((
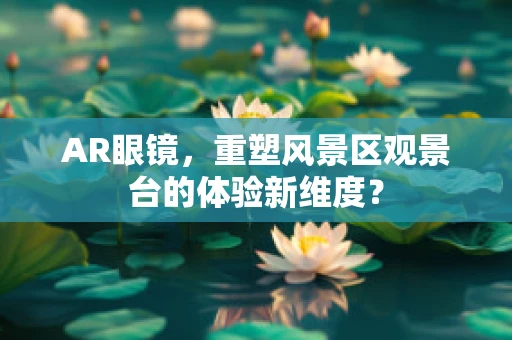 AR眼镜，重塑风景区观景台的体验新维度？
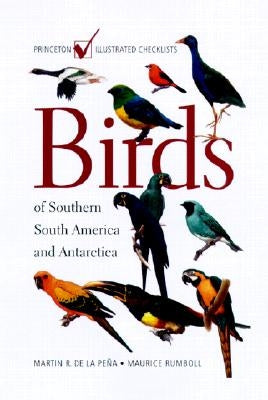 Birds of Southern South America and Antarctica by de la Pe&#195;&#177;a, Martin R.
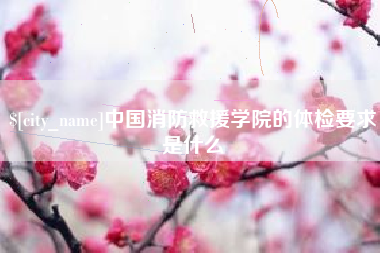 和县中国消防救援学院的体检要求是什么
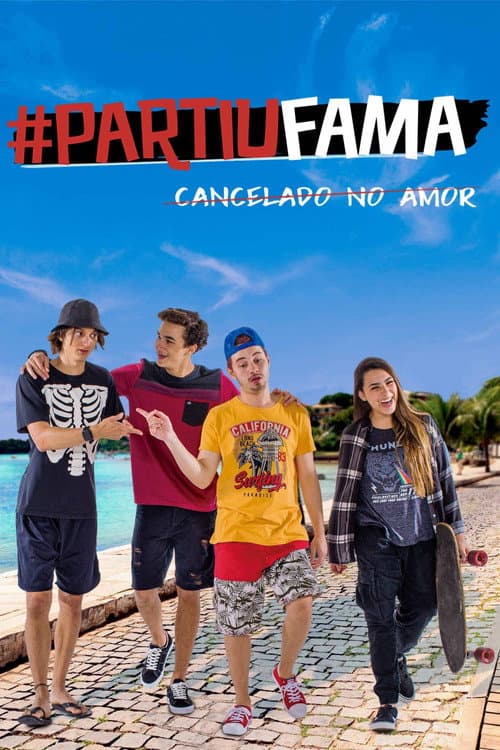Постер: #PartiuFama: Cancelado no Amor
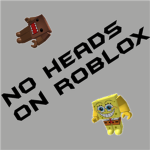 No Heads On ROBLOX
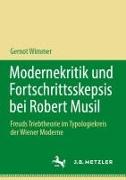 Modernekritik und Fortschrittsskepsis bei Robert Musil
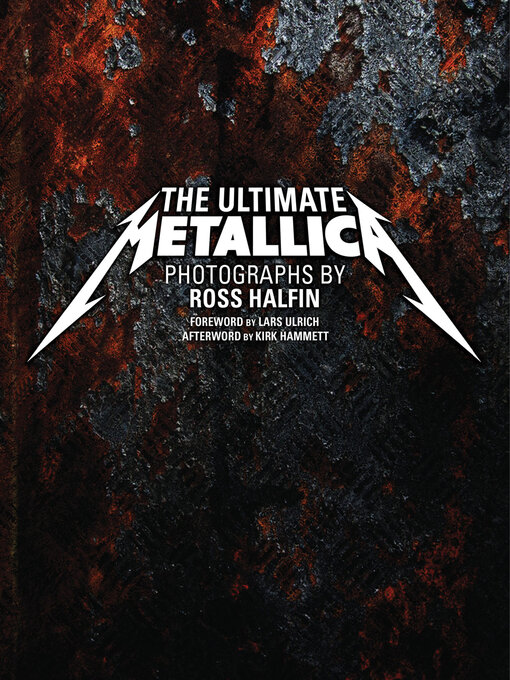 Title details for The Ultimate Metallica by Ross Halfin - Available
))
§ **Your assignment**: In the records above, find the line that contains "No Heads On ROBLOX" and retype it and all lines after it exactly, leaving out any pictures.

§ **Solved problem**:
 No Heads On ROBLOX
 Modernekritik und Fortschrittsskepsis bei Robert Musil
 Title details for The Ultimate Metallica by Ross Halfin - Available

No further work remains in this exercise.